The Chilcott Inquiry into the Iraq War has received the final responses from the people the report is set to criticise, the commission’s chair has said.
Sir John Chilcott has been waiting for the so-called ‘Maxwellisation’ process to conclude, a measure that involves giving everyone mentioned in a negative light a chance to respond.
“In my statement I said that the Inquiry expected to receive the last Maxwell response shortly.
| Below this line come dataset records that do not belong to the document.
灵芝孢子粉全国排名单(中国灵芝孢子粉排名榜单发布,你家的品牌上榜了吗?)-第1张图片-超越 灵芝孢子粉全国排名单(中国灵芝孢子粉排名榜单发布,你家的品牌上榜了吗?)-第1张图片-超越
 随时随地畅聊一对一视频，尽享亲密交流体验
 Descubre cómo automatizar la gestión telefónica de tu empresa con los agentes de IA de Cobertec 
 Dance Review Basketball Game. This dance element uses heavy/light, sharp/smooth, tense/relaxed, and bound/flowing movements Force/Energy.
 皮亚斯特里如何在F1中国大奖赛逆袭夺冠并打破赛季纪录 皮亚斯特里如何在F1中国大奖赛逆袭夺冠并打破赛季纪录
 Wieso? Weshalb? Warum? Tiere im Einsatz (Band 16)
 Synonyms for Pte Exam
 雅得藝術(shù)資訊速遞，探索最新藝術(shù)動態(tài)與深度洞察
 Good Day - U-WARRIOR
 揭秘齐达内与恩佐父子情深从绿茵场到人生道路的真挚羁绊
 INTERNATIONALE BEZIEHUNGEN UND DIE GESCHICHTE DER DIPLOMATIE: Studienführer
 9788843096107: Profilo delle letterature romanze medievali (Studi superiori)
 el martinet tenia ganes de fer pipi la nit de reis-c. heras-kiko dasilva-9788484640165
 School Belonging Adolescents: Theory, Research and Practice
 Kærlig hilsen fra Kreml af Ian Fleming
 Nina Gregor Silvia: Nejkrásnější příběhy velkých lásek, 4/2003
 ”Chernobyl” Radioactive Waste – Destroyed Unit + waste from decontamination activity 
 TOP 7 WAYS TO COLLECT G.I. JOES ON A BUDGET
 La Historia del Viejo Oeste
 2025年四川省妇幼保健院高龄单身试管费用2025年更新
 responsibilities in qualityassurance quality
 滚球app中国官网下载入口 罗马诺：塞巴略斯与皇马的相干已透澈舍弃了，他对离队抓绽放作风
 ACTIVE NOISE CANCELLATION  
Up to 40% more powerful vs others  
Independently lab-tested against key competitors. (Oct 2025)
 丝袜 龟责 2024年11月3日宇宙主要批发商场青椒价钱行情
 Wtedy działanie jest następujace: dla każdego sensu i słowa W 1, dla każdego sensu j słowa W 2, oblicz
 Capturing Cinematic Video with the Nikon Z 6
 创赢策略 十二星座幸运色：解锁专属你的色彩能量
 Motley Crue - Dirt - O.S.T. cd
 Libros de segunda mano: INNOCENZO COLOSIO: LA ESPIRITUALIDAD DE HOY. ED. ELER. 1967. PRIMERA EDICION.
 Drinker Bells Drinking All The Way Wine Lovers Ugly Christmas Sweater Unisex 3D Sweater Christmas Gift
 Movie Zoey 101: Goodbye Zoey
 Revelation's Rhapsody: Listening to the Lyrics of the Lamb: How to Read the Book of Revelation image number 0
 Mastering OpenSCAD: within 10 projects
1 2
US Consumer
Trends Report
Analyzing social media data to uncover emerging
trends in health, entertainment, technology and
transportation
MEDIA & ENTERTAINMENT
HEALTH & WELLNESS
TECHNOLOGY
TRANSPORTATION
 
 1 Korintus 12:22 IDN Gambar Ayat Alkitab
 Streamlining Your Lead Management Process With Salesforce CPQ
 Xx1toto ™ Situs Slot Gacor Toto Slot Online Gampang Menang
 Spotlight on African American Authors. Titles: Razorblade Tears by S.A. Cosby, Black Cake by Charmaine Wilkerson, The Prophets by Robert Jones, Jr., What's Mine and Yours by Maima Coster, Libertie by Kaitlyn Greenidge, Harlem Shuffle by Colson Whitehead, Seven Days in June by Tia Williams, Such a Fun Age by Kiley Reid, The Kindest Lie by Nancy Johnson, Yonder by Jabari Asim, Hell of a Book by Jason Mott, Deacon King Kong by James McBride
I am pleased to confirm that it has now done so," Sir John wrote in a letter to the Foreign Affairs Committee chair Crispin Blunt.
However, he said the responses received by those criticised were so comprehensive that it would take time to sift through them.
No timetable has yet been set for completion of the report, which was set up in 2009 as an inquiry into a war that started in 2003.
“There is, inevitably, further work for my colleagues and I to do to evaluate those submissions, which are detailed and substantial, in order to establish with confidence the time needed to complete the Inquiry’s remaining work,” he said.
“As soon as I am able to I shall write to the Prime Minister with a timetable for publication of the Inquiry’s report.”
Mr Blunt warned last month that setting a deadline on the inquiry would “wreck” its independence.
“The inquiry which is independent and sets its own procedure has determined how it is going to conduct itself,” he told BBC Radio 4’s Today programme at the time.
The term “Maxwellisation” comes from the name of the publisher Robert Maxwell, who set a legal precedent after he took issue with a government report.
Those expected to be criticised in the report include former prime minister Tony Blair and those close to him.